# Does Mario have autism?



## Flustercuck (Sep 16, 2017)

I personally think that Nintendo keeps slipping subtle hint that our redcapped hero may have autism, he uses the same clothes all the time, except for when he eats fireflowers which makes him change into white clothes. His obsession with saving the princess from the evil Koopa, who may as well be autistic as well in some shape or form, and Mario's obsession is borderline autistic seeing as he isn't ready for changes in his environment, and he also has his brother Luigi who keeps on enabling his autism. What do you guys think?


----------



## ICametoLurk (Sep 16, 2017)

No, but you do.


----------



## RG 448 (Sep 16, 2017)

Bro that's some real shit right there.


----------



## NIGGO KILLA (Sep 16, 2017)

Worse

hes a wop


----------



## 300mm (Sep 16, 2017)

Deep Thoughts ain't deep enough for this


----------



## ES 148 (Sep 16, 2017)

I think Mario is autistic because he goes 'HOOP, HAA, WAHAAAA' every time he jumps, like some sort of fucking nutjob


----------



## BlueArmedDevil (Sep 16, 2017)

Well he is on a love quest and has to deal with some dang dirty trolls...


----------



## WeeGee (Sep 16, 2017)

"Solid"Mario does for sure.


----------



## Mimic (Sep 16, 2017)

He's just a burnout. He's done shrooms so much he lost his job as a plumber. "Rescuing the Princess" is just his way of saying he's having a trip.

You never save the princess, Mario.
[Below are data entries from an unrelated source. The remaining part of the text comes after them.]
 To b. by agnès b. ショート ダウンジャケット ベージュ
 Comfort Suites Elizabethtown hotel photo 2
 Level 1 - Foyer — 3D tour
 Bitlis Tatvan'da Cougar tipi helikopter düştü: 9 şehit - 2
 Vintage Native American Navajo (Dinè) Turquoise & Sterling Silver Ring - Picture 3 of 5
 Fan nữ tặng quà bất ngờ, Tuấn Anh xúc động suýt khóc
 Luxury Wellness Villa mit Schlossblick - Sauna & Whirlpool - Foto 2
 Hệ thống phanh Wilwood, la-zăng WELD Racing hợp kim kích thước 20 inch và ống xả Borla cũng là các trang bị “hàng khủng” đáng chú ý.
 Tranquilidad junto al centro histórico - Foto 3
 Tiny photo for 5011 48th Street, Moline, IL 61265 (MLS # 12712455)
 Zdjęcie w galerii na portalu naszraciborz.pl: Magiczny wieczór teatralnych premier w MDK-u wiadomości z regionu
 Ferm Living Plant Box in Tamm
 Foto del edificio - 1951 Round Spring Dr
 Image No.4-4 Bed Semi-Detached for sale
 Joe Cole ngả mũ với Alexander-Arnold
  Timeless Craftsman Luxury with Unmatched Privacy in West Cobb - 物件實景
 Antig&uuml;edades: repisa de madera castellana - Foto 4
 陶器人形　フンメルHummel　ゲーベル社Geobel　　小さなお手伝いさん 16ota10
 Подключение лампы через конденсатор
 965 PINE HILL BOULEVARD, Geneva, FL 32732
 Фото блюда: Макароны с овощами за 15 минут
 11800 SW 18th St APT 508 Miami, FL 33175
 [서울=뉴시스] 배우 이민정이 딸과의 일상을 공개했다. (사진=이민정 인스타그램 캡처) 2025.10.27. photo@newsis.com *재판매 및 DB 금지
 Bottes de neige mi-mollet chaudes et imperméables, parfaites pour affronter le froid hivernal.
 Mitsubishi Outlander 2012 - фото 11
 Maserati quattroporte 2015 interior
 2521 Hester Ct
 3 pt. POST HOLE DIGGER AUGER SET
Why do you think she keeps getting kidnapped?


----------



## AlephOne2Many (Sep 16, 2017)

He's a jew


----------



## Positron (Sep 16, 2017)

Go back to TV Tropes you moron.


----------



## Quijibo69 (Sep 16, 2017)

Is every fictional character autistic?


----------



## IV 445 (Sep 16, 2017)

This got a good chuckle out of me have to admit


----------



## Jack Haywood (Sep 16, 2017)

...I have a feeling you just posted this thread for shits and giggles


----------



## From The Uncanny Valley (Sep 16, 2017)

Quijibo69 said:


> Is every fictional character autistic?



Yes.


----------



## Jaiman (Sep 16, 2017)




----------



## m0rnutz (Sep 16, 2017)

I thought he was a transwoman?


----------



## Quijibo69 (Sep 16, 2017)

m0rnutz said:


> I thought he was a transwoman?


 
No. That's Garfield.


----------



## Ido (Sep 16, 2017)




----------



## BaissaTheSinger (Sep 16, 2017)

I thought Sonic was the one with autism.


----------



## HOMO INSPECTUS (Sep 16, 2017)

but more importantly, is wario a libertarian?


----------



## BaissaTheSinger (Sep 16, 2017)

HOMO INSPECTUS said:


> but more importantly, is wario a libertarian?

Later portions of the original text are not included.